O julgamento da criminalização da homofobia pelo STF, encontra paralelos com o caso ‘Roe vs Wade’, em que a Suprema Corte dos Estados Unidos decidiu pela legalização do aborto em todo território americano. Em ‘Roe vs Wade’, as proponentes do processo, recorreram a uma instituição amparada pela constituição americana, a Suprema Corte, para pedir a garantia do aborto, um direito que a Corte julgou embasado dentro dos preceitos jurídico-constitucional.

Interseccionalizar a desigualdade, a entrecruzando com diferentes e variadas analises e objetos de investigação de estudo, significa ter um olhar amplo e sistêmico de como atua a desigualdade em suas mais variadas vertentes. ‘Mulheres, Raça e Classe’, livro emblemático de autoria de Angela Davis, tendo sido publicado no inicio dos anos 80, constitui um profundo e imprescindível estudo de como a intersecção é fundamental para se entender e elevar a compreensão e evidência da atuação da opressão em suas mais variadas formas.

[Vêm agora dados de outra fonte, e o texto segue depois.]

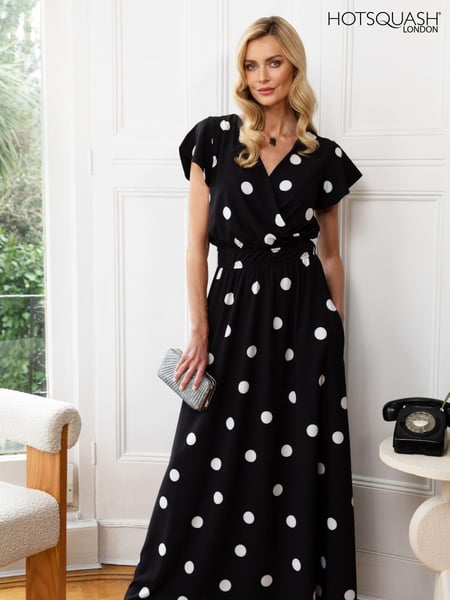 HotSquash Black Chiffon Wrap Top Maxi Dress (M15989) | € 217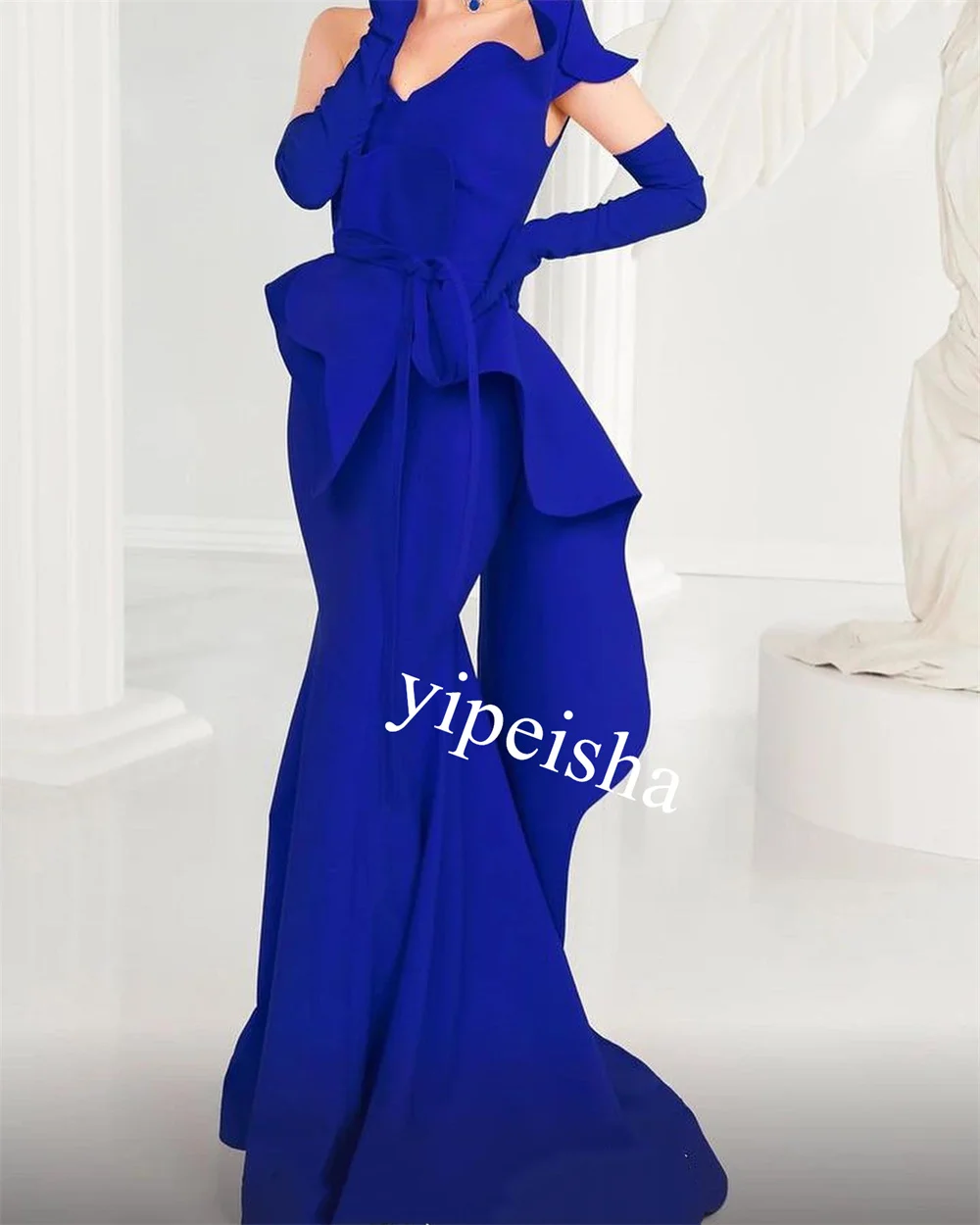  Evening Jersey Ruffle Celebrity Sheath One-shoulder Bespoke Occasion Gown Long Dresses Saudi Arabia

O progressismo, a partir do instante histórico que se desvinculou dos movimentos de massas, fez com que as lutas sociais contra as estruturas opressivas ganhassem contornos individuais em detrimento de direitos coletivos, os direitos identificados com o inicio das lutas sociais anti-opressão. Essa ruptura de perspectiva de luta, fez com que o progressismo, identificado em seus primórdios com os direitos coletivos de esquerda, se tornasse um progressismo de viés de conquista de direitos individuais, identificando-se com um progressismo de cunho liberal-burguês.

Disso advém, em boa medida, a própria crise dos movimentos progressistas, que se tornaram aburguesados, quando comparados aos primeiros movimentos de massas que faziam a intersecção coletiva da destruição das opressões sofridas pelas minorias.

Os panteras negras, movimento de massa das lutas antirracistas nos Estados Unidos, eram intimamente vinculados ao comunismo, condicionando o fim da opressão do negro na sociedade americana, ao fim do capitalismo. Os panteras negras que militavam com essa consciência nos anos 50, 60 e 70, hoje, certamente, não reconhecem nos atuais movimentos progressistas, a identidade inerente ao início dos movimentos progressistas esquerdistas daqueles tempos.

Ao tratar como ‘pauta de costumes’, como ‘guerras culturais’, lutas que tem como finalidade emancipar e conferir reconhecimento de humanidade a povos e populações que vivem há séculos sob a égide institucional, estrutural e imaginaria coletiva da opressão, os reacionários mostram que a pregação em torno da “liberdade de expressão”, busca tão somente fazer uso artificialmente de um direito para sumariamente continuar submetendo minorias sociais a violências físicas, psicológicas e morais.

As transformações sociais advindas das lutas de ativistas, militantes e políticos, vieram da luta por reconhecimento de direitos jurídicos, que não se esgotam em si, vide que um direito conquistado, não necessariamente, como até hoje a história evidencia, significa uma emancipação em termos concretos.

A expressão politicamente correto, usada por reacionários para denegrir aqueles comprometidos com o ideal anti-desigualdades, nada mais é, em seu sentido nascente, que uma gíria jocosa usada entre acadêmicos para ‘tirar onda’ entre si mesmos.

Reverter o significado dessa expressão, é conferir mau-caratismo a quem propriamente faz uso errôneo do termo. Disso, não surpreende que quem está vinculado por enxergar subalternamente quem não se encaixa no ordenamento homem-branco-cristão-hétero normativo, queira interromper os avanços emancipatórios e libertários.

Racializar somente sujeitos não-brancos, enxergando a branquitude como uma noção universal, sem questionar seus privilégios, é compromisso de todos, e não apenas de quem é de esquerda. A luta contra as desigualdades, que incomoda por mexer no âmago de feridas profundas e não curadas, deve ser um pacto público civilizatório que busque alcançar se viver em tempos e sociedades onde marcadores sociais da diferença não signifiquem supressões de vidas, direitos e de uma humanidade plena em suas possibilidades de existência.

Que as diferenças sociais que nos tornam tão humanos, mas também tão desiguais, possam ser encaradas, superadas e ressignificadas.